**YOUR OBJECTIVE:**
From the line with "The Florida Everglades." to the line with "Furthermore, a solar", retype each line exactly as it stands in the records below, but skip the pictures.

**ENTRIES SHOWN:**
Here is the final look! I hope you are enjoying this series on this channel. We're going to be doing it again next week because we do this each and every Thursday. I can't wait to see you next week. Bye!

==

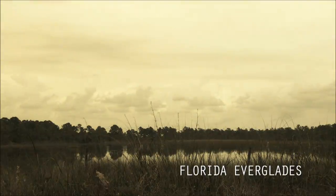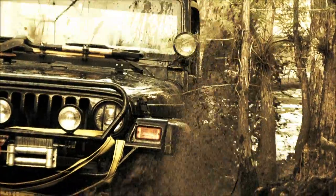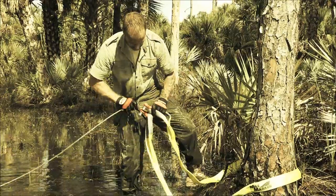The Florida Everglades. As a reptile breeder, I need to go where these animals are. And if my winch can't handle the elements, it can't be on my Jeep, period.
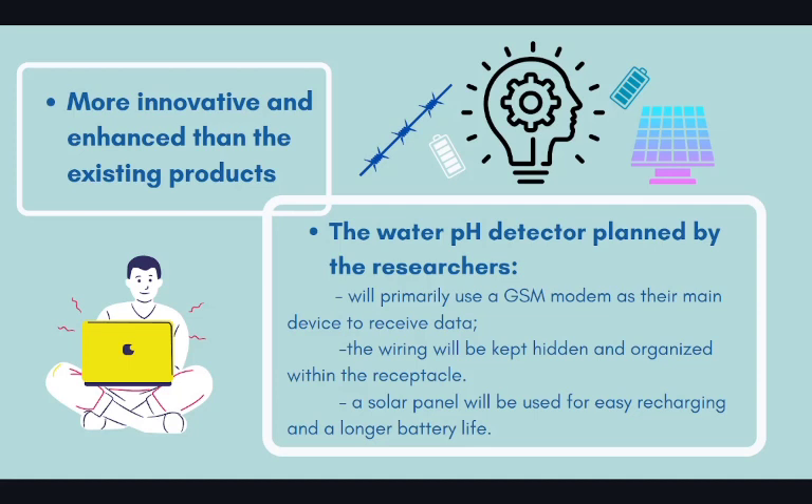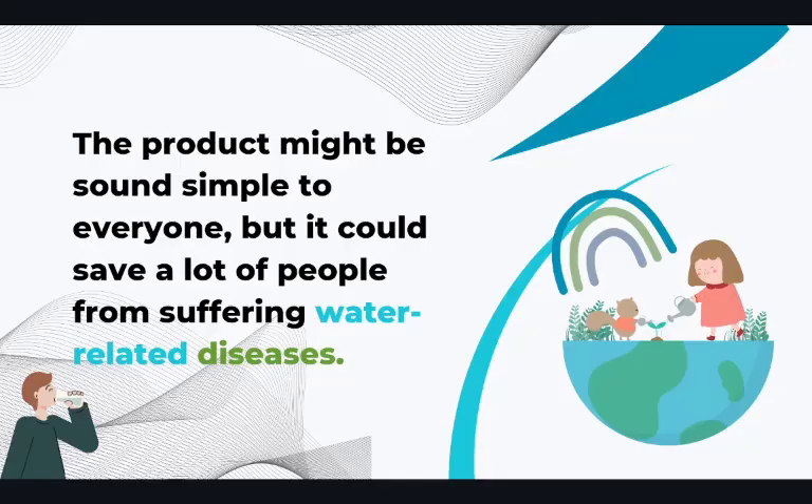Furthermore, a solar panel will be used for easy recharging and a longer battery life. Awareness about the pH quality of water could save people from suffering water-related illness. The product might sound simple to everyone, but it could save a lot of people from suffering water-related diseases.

**ANSWER TO THIS TASK:**
The Florida Everglades. As a reptile breeder, I need to go where these animals are. And if my winch can't handle the elements, it can't be on my Jeep, period.
Furthermore, a solar panel will be used for easy recharging and a longer battery life. Awareness about the pH quality of water could save people from suffering water-related illness. The product might sound simple to everyone, but it could save a lot of people from suffering water-related diseases.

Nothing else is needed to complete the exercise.